Trying to scale linearly to match this rate would be unreasonably expensive. It would also take too long. Even if it could be done faster and cheaper, adding multiple servers could not accommodate storage demands. Vertical storage architecture contains bottlenecks that slow performance to an unacceptable level.
However, just as internet-based technologies have skyrocketed the creation of data, storage technologies have evolved to meet the challenge. One example is Software-Defined Storage (SDS), which decouples the programming that controls storage-related tasks from the physical storage hardware and thereby dramatically reduces costs associated with hardware. Fewer, less-expensive servers can be used to improve both capacity and performance. Administration is simplified and made more flexible and efficient.
SDS enables users to allocate and share storage assets across all workloads. It’s no wonder that the industry has embraced SDS. Gartner recently reported that by 2020, anywhere from 70 to 80 percent of unstructured data will be stored and managed on lower-cost hardware supported by software-defined storage.

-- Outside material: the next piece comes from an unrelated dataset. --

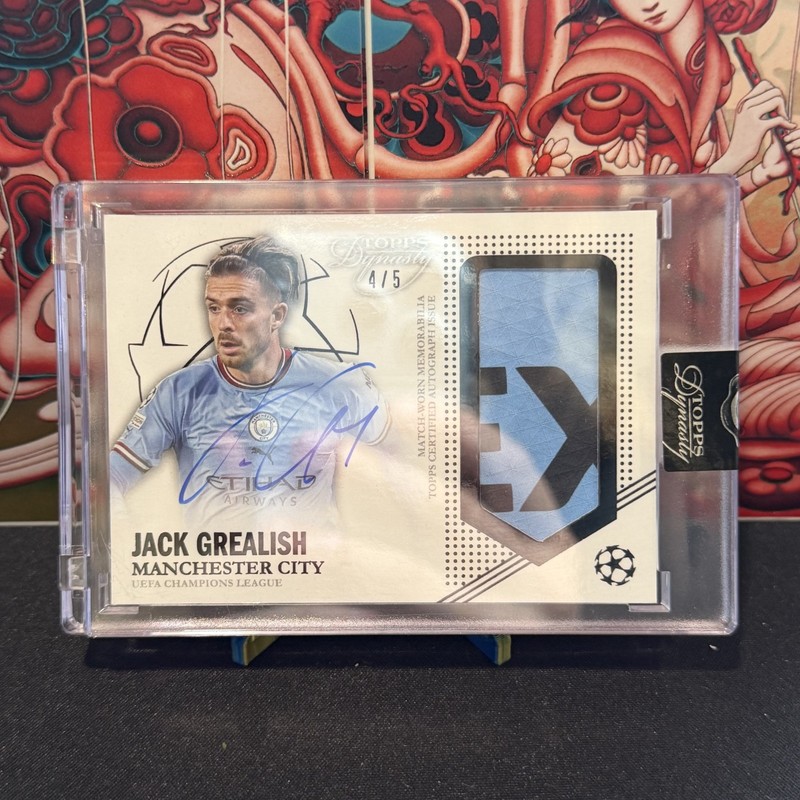 2022-23 Topps Dynasty UCL Jack Grealish Auto Patch Black /5 SEALED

File Systems and Their Features
About 80 percent of the SDS solutions on the market offer file systems, which makes sense, since 80 percent of data is unstructured. While it is widely understood that unstructured data is best managed with a file system, for some reason, many SDS offerings focus solely on block or object store. Few offerings focus on file systems or do them well. Without a file system overlaying this data, it becomes very difficult to manage that data.
There are different kinds of storage because they fulfill different roles:
- Block is used for storing databases or virtual machines, but you need files as well to deal with all the unstructured data.
- Object is used for applications that require extreme scalability such as machine-to-machine and IoT transactions, but it isn’t that much better than block when it comes to managing data.
- File systems are the best choice for handling unstructured data.
File systems are critical for SDS, and the vendors know it. What’s strange, though, is the quality of the file system they offer. These file systems are usually based on Samba and exclude some features most Windows users are accustomed to. Samba is a freeware module that enables support for SMB and allows end users to access and use files on the company’s intranet or network. However, providing file services through Samba, which is open source, often means going without needed features.
This is no light matter. In addition to needing a file system, organizations need file-related features as well to deal with unstructured data. These features include:
- Retention: Automatically creates a single folder or a hierarchy of folders on file servers, to be deleted according to assigned policies.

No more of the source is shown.